Basically I want to know whether my working method was correct as I have doubts with some of it.

I first did voltage division at the two base resistances, and I get 3V at the base. Since we know there's a base-emitter drop of 0.7V, the emitter voltage of Q1 is 2.3V which is also the base voltage of Q2, therefore the emitter voltage of Q2 is 1.6V.

This means we can calculate the emitter current of Q2 easily. After obtaining the emitter current of Q2, using the Ie = Ib + Ic relation and substituting for Ib = Ic/B, we can easily getting the collector current

*ic2*.

http://img542.imageshack.us/img542/8632/80235300.jpg [Broken]

Now here is where I'm a bit confused as to how to proceed and get

*ic1*

I thought I can get the current from Vcc to Vb, let's call it

*ix*, going back to the Vcc node, can I use that as a KCL point?
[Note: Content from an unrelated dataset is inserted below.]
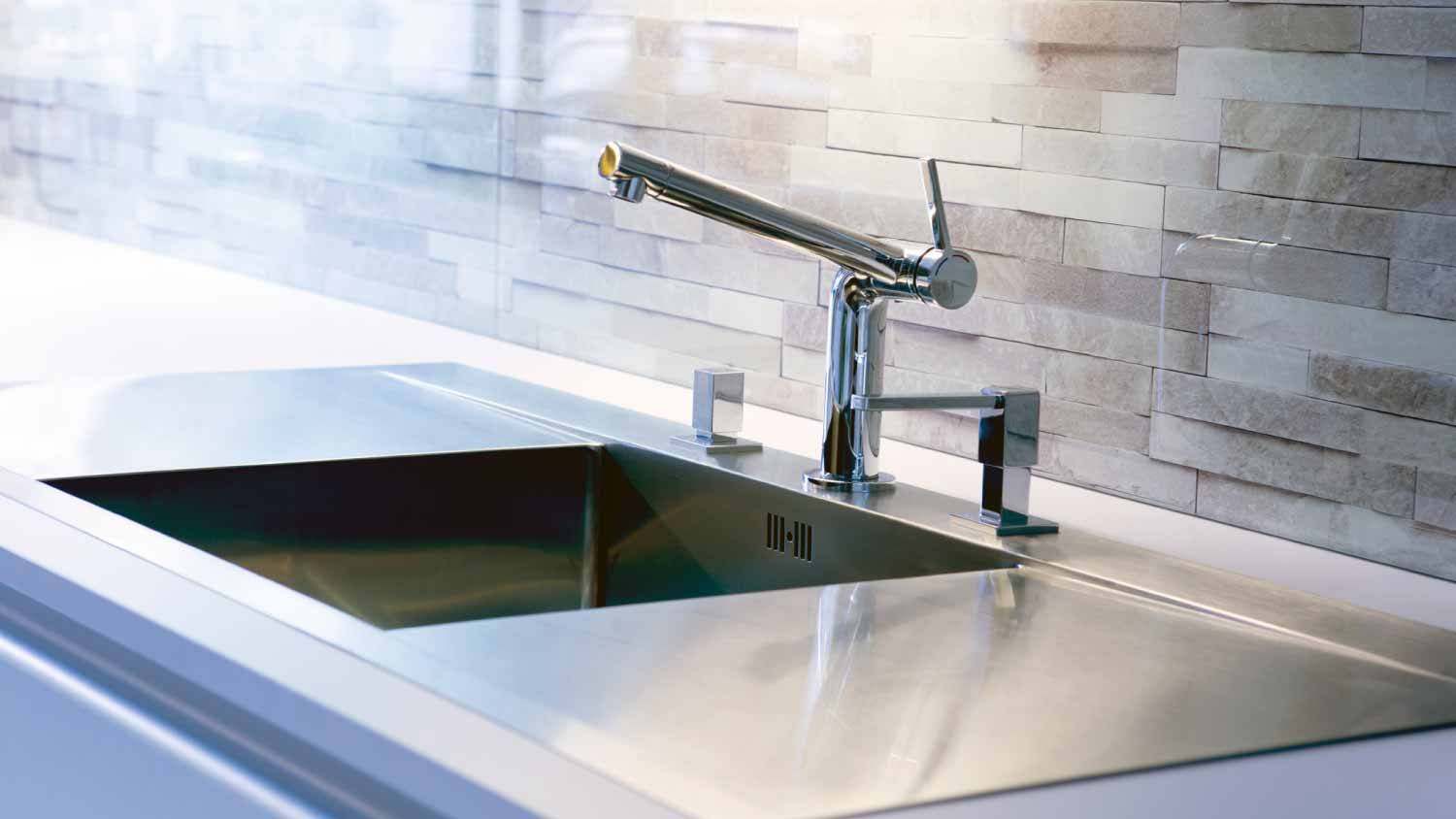 Close-up of modern kitchen sink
So basically if I have

*ix*leaving that node, and let's call the other current

*il*which is going through Rc, those two must add up to give 0.

Once I have

*il*, then il = ic1 + ic2 and therefore I can solve for ic1 and hence also find the voltage at Vc which is the DC voltage they asked for.

http://img6.imageshack.us/img6/664/12595537.jpg [Broken]

Thanks.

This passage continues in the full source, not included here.